What you should do: Reproduce the listing in full. Omit the pictures.

Entries provided:
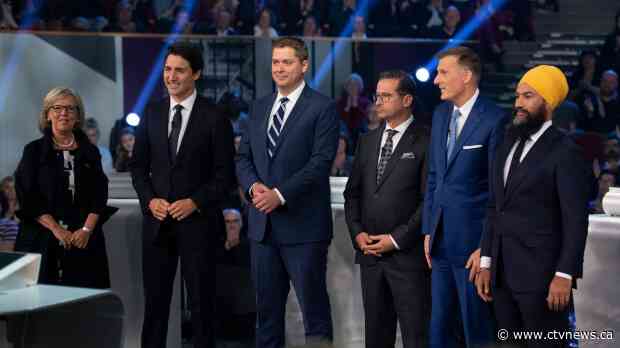 The 'she loves me, she loves me not' Nanos trend line of 2019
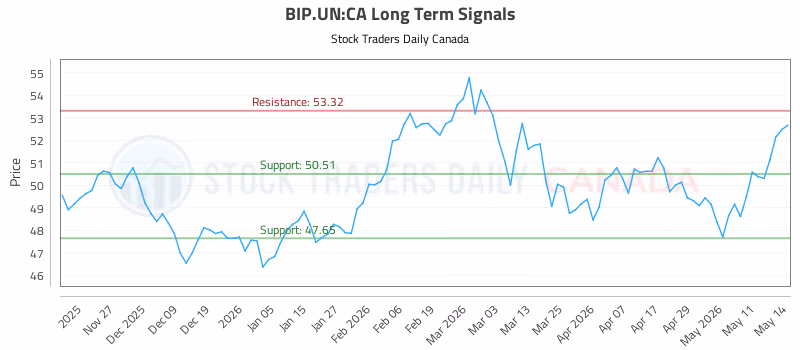 Stock Chart for BIP.UN:CA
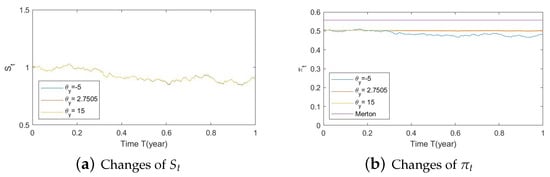 Risks 11 00030 g0a35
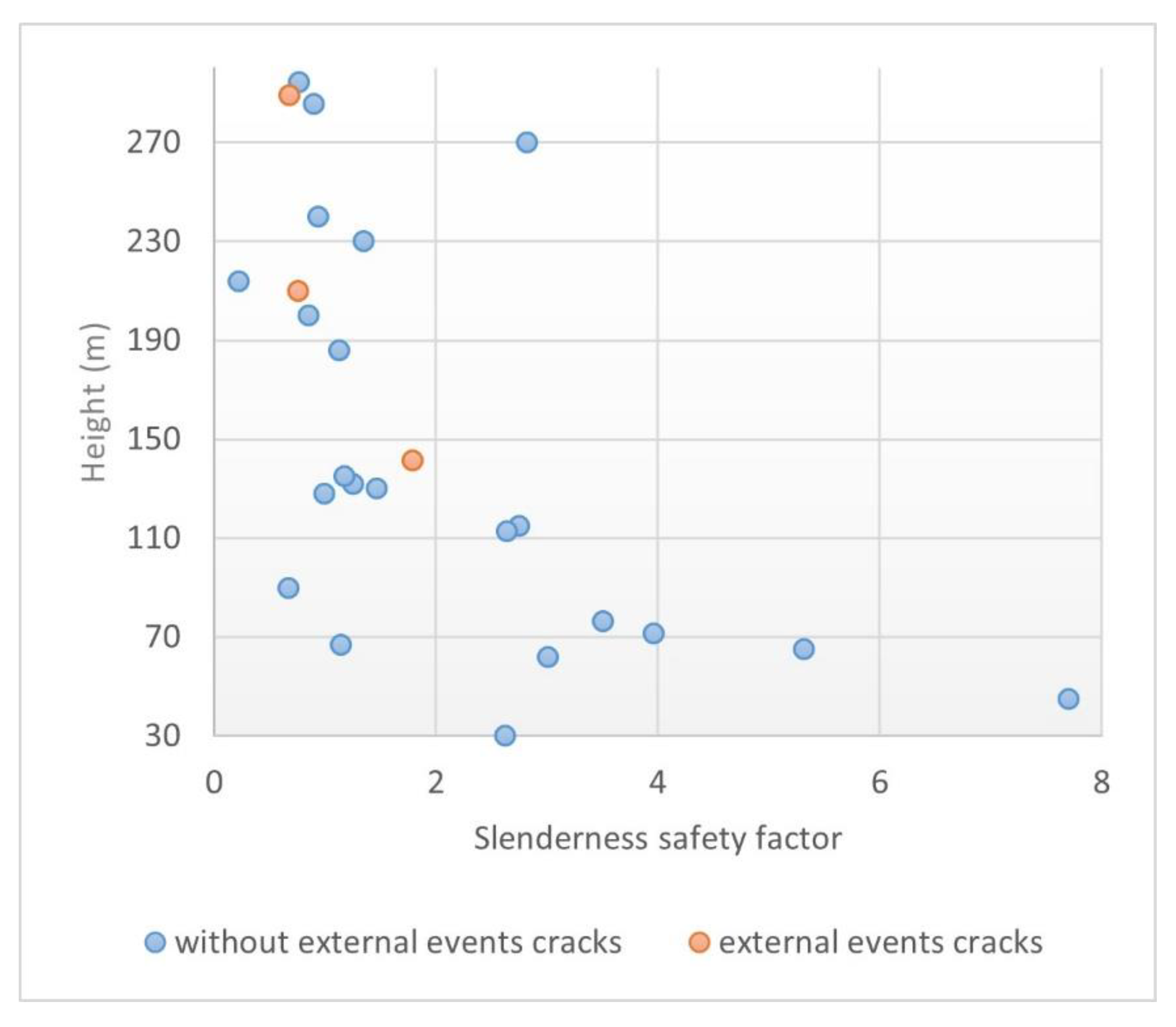 Applsci 14 07580 g012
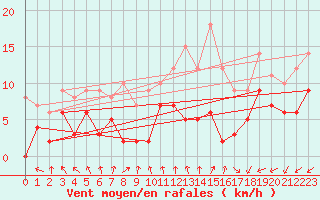 Courbe de la force du vent pour Rennes (35)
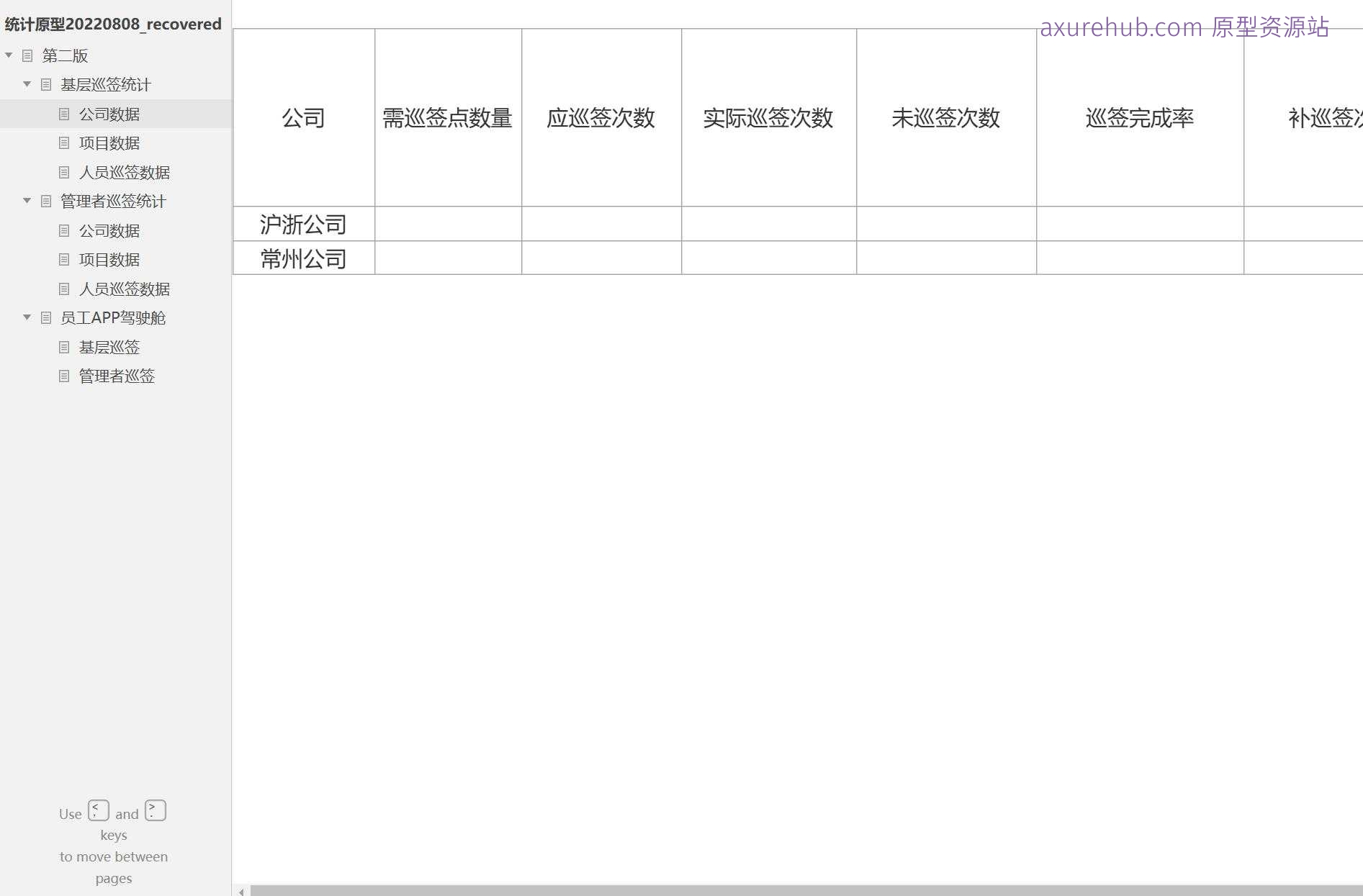 基层巡签统计与管理者巡签系统Axure原型模板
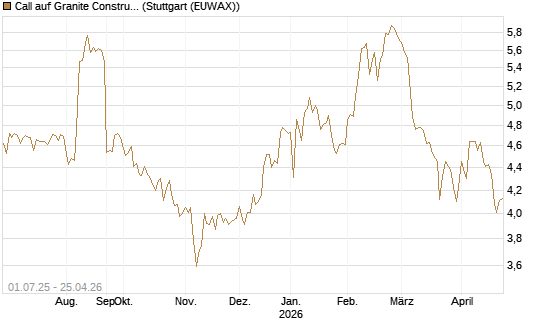 Call auf Granite Constructions Inc [Morgan Stanley & Co. Int. plc] Chart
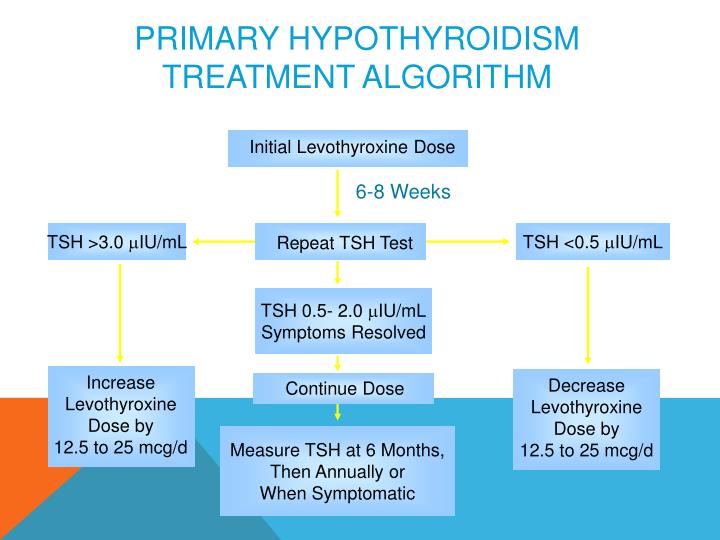 Hypothyroidism Synthroid Weight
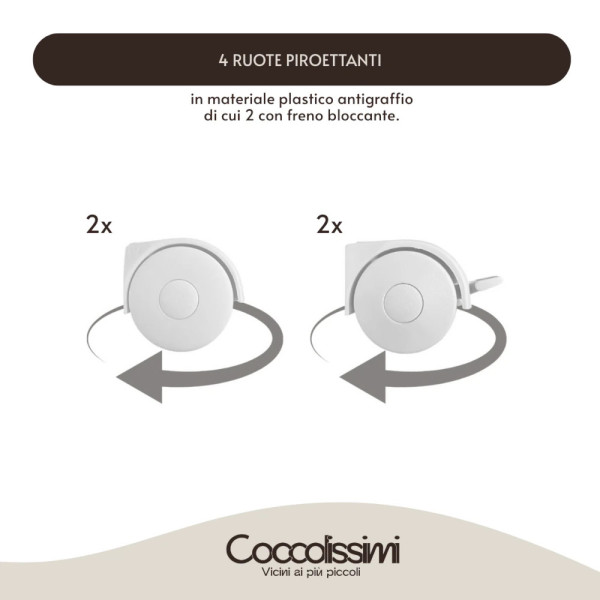 Kit nascita completo cameretta Coocolissimi e trio Seety Chicco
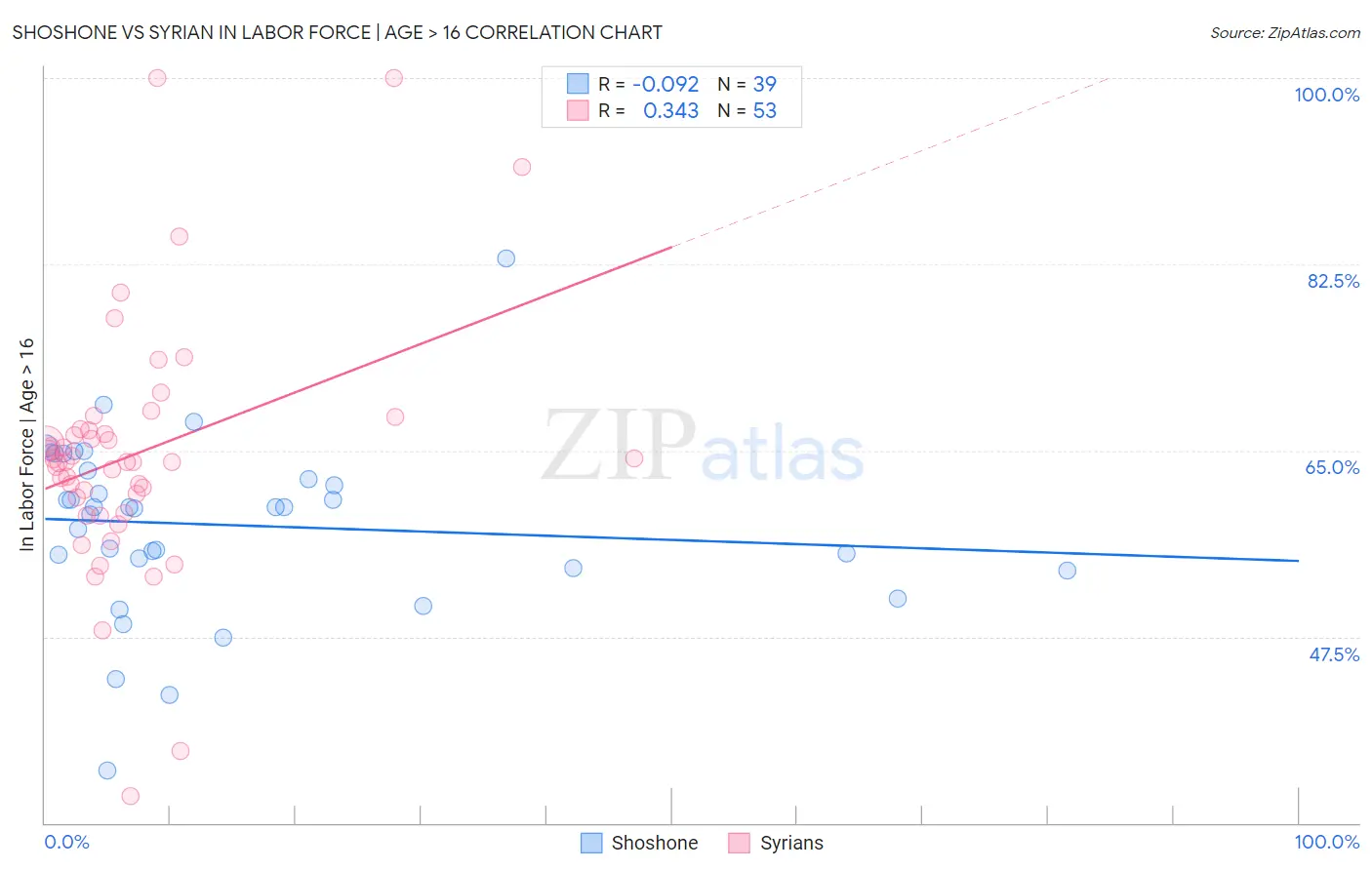 Shoshone vs Syrian In Labor Force | Age > 16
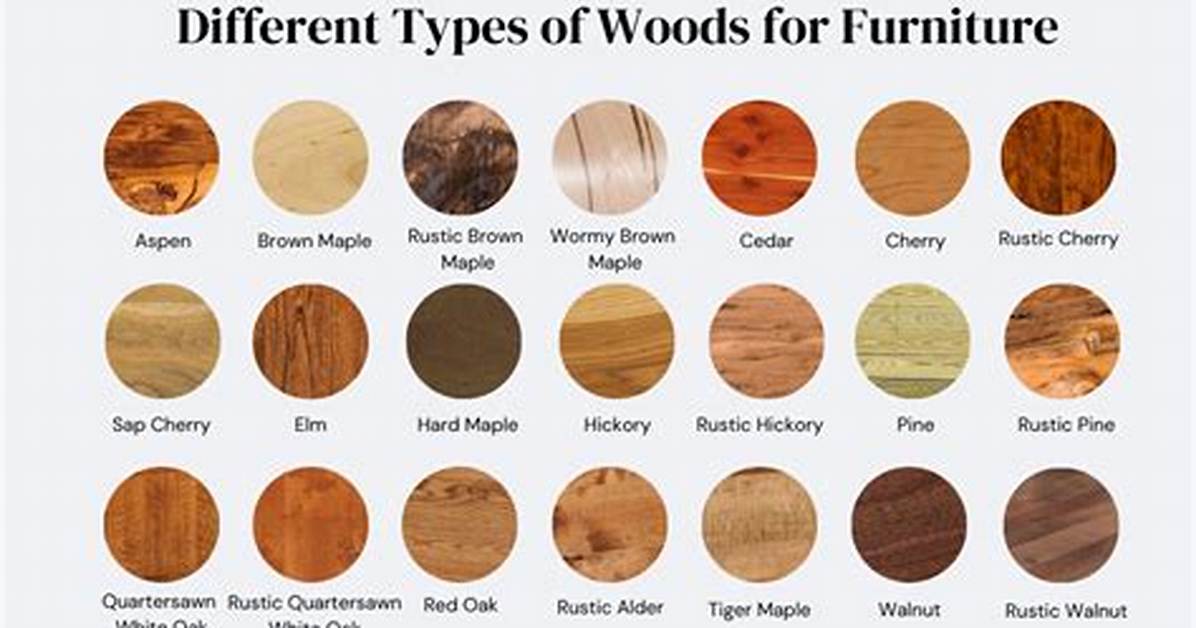 What Kind of Wood Does Not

Task response:
 The 'she loves me, she loves me not' Nanos trend line of 2019
 Stock Chart for BIP.UN:CA
 Risks 11 00030 g0a35
 Applsci 14 07580 g012
 Courbe de la force du vent pour Rennes (35)
 基层巡签统计与管理者巡签系统Axure原型模板
 Call auf Granite Constructions Inc [Morgan Stanley & Co. Int. plc] Chart
 Hypothyroidism Synthroid Weight
 Kit nascita completo cameretta Coocolissimi e trio Seety Chicco
 Shoshone vs Syrian In Labor Force | Age > 16
 What Kind of Wood Does Not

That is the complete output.